Two teenagers charged yesterday they were beaten when cops discovered them hiding in a maintenance garage in Brownsville - and severely injured as officers sicced a police dog on them.
At a press conference at their lawyers' offices, William Bryant and Emmanuel Blake charged they were already handcuffed and under arrest for burglary when a German shepherd mauled them at 12:20 a.m. on Aug. 6 in a garage at the Marcus Garvey Houses.
"I thought the dog was going to kill me," said Blake, 19, as he sat next to his mother in the office of his lawyer, Andrew Stoll, in downtown Brooklyn.
Police Department officials yesterday said they responded to a call to a burglary in progress that night and, with a canine unit, found the teens hiding in an air shaft.

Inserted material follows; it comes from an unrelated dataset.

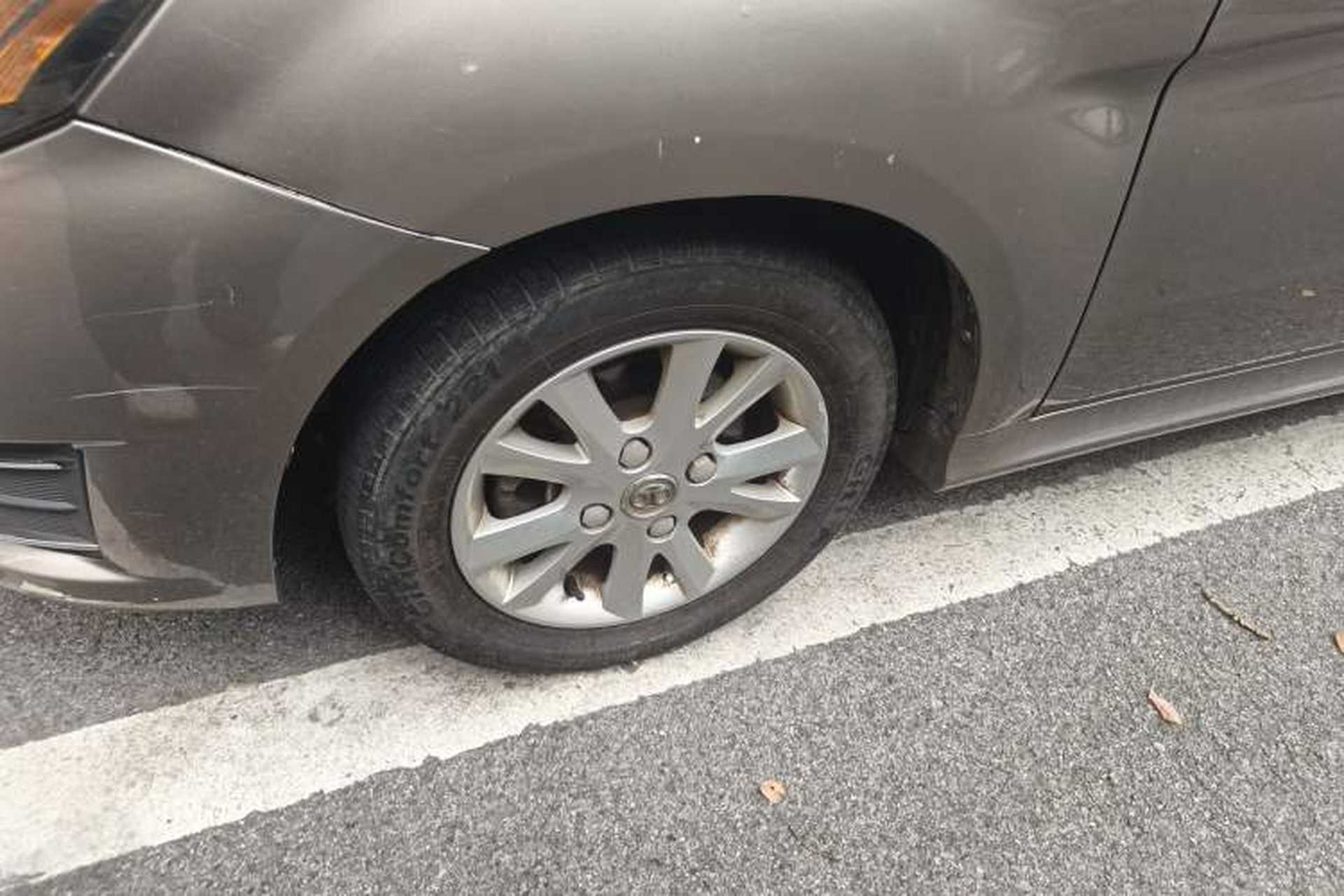 Used BAIC E Series 2012 Hatchback 1.5L Automatic Leshang Version Left Front Wheel Hub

They were charged with burglary and trespassing.
Bryant, who has an open wound on his right leg, and Blake said they were not burglarizing the garage but hanging out in a place where kids in the city Housing Authority complex regularly seek refuge.
Police brass said that because a lawsuit was being threatened, they could not comment further on the case.
On Monday, a Brooklyn grand jury declined to indict Bryant and Blake on the felony burglary charge, though they were charged with misdemeanor trespassing, prosecutors said.
"There was no resisting arrest here, there was no fight with the police officers," Stoll said. "And, at the time our clients were attacked by this dog, they were in the complete control of the police officers and already restrained."
Stoll said the cops allowed the dog to maul Bryant until he gave up his buddy, and then sicced the dog on Blake for "good measure."
The attorney said the teens are filing a $10 million federal civil rights lawsuit, and that their notice of claim - indicating their intention to sue the city - would be given to the controller's office by 5 p.m. yesterday.
Stoll also charged that the NYPD and District Attorney Charles Hynes' office should have investigated the allegations of police brutality.
Hynes' office called on the lawyer to work with them.
"We have approached the lawyer to ask his cooperation in waiving the speedy trial rules so we can investigate, and he has not responded to that in more than a week," a spokesman said.
While Stoll charged that prosecutors granted immunity to the cops when they allowed them to testify in the grand jury, law enforcement sources said the allegations of brutality were not made until after the case was presented to the panel.